The application of a comparative approach to the ancient world at large has been rare. This series, of which the current volume is the fifth, intends to fill this gap. It pursues important social, political, religious, economic, and intellectual issues through a wide range of ancient or early societies, occasionally covering an even broader diachronic scope. “Ancient” will here be understood broadly, encompassing not only societies that are “ancient” within the traditional chronological framework of c.3000 BCE to c.600 CE in East, South, and West Asia, the Mediterranean, and Europe, but also later ones that are structurally “ancient” or “early,” such as those in premodern Japan or in Meso- and South America before the Spanish Conquest. By engaging in comparative studies of the ancient world on a truly global scale, this series hopes to throw light not only on common patterns and marked differences, but also to illustrate the remarkable variety of responses humankind developed to meet common challenges. Focusing as it does on periods that are far removed from our own time, and in which modern identities are less immediately engaged, the series contributes to enhancing our understanding and appreciation of differences among cultures of various traditions and backgrounds. Not least, it thus illuminates the continuing relevance of the study of the ancient world in helping us to cope with problems of our own multicultural world.

Earlier volumes in the series are War and Peace in the Ancient World (ed. Kurt A. Raaflaub, 2007); Household and Family Religion in Antiquity (eds. John Bodel and Saul Olyan, 2008); Epic and History (eds. David Konstan and Kurt Raaflaub, 2010); Geography and Ethnography: Perceptions of the World in Premodern Societies (eds.
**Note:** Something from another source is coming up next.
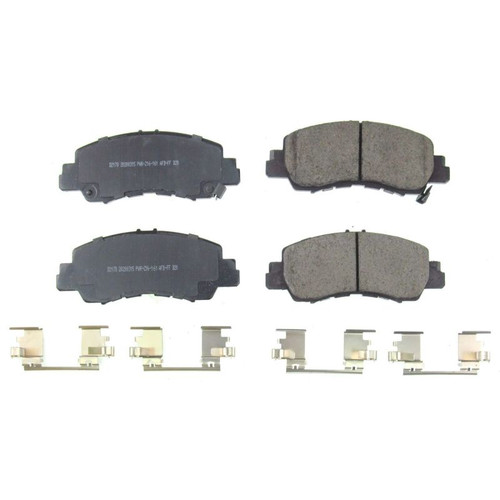 Power Stop 2019 Mitsubishi Eclipse Cross Front Z17 Evolution Ceramic Brake Pads w/Hardware - 17-2178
Kurt Raaflaub and Richard Talbert, 2010). Other volumes are in preparation: Highways and Byways in the Ancient World (eds. Susan Alcock, John Bodel, and Richard Talbert); Thinking, Recording, and Writing History in the Ancient World (ed. Kurt A. Raaflaub).

The current volume has its origin in a colloquium held in 2005 at the European University Institute in Florence, organized by Peter Wagner, Johann Arnason, Bo Stråth, and Björn Wittrock. The papers given and discussed there in a stimulating atmosphere and under ideal conditions were later profoundly revised or rewritten and complemented by others that seemed needed to realize the concept and framework of this volume as they emerged during those discussions. I thank the Institute and the Swedish Collegium of Advanced Study in the Sciences for financial support and generous hospitality, the organizers of the colloquium for their efforts in starting this project, the contributors for their patient and productive collaboration, my fellow editor, Johann Arnason, for his inspiration and leadership, and Al Bertrand and his collaborators at Wiley-Blackwell for their enthusiastic support of this project and the entire series. Johann Arnason would like to thank the Alexander von Humboldt-Stiftung for supporting a research stay at the University of Frankfurt/Main, during which his contributions to this volume were finalized. Both editors thank Jennifer Lewton Yates for compiling the two indices.